• _ACTION ITEM_: In the entries below, how many lines contain the string "Gift"? Give the number by itself.

• _DATA TO PROCESS_:
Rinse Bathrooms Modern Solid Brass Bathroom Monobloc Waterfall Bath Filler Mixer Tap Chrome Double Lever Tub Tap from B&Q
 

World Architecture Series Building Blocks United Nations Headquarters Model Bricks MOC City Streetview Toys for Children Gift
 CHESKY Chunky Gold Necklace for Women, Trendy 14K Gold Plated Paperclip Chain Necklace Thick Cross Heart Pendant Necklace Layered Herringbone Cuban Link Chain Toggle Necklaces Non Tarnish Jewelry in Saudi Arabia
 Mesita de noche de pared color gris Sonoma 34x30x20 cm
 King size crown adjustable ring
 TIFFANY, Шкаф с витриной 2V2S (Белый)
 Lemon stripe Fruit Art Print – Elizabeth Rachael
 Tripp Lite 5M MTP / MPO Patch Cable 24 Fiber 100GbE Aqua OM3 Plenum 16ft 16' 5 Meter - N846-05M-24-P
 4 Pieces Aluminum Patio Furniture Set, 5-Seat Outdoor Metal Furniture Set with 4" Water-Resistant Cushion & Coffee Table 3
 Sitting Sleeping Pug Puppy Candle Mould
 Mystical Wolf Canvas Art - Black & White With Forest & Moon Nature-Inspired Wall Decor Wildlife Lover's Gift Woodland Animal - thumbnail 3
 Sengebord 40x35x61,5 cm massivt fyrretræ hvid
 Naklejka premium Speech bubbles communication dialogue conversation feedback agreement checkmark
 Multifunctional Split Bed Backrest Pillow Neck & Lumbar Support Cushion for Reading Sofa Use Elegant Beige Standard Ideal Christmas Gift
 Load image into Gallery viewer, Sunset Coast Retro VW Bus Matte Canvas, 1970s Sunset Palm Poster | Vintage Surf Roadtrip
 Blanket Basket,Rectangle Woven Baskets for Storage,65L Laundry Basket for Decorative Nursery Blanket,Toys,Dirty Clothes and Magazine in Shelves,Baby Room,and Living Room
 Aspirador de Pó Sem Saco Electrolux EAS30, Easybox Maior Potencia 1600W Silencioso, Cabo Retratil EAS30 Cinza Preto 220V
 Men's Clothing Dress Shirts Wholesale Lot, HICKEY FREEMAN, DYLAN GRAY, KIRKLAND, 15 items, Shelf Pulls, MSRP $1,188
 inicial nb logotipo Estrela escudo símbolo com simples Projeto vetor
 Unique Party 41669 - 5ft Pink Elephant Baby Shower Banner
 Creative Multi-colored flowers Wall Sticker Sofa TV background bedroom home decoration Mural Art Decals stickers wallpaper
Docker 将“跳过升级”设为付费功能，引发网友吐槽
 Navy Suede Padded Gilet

• _EXERCISE OUTPUT_: 3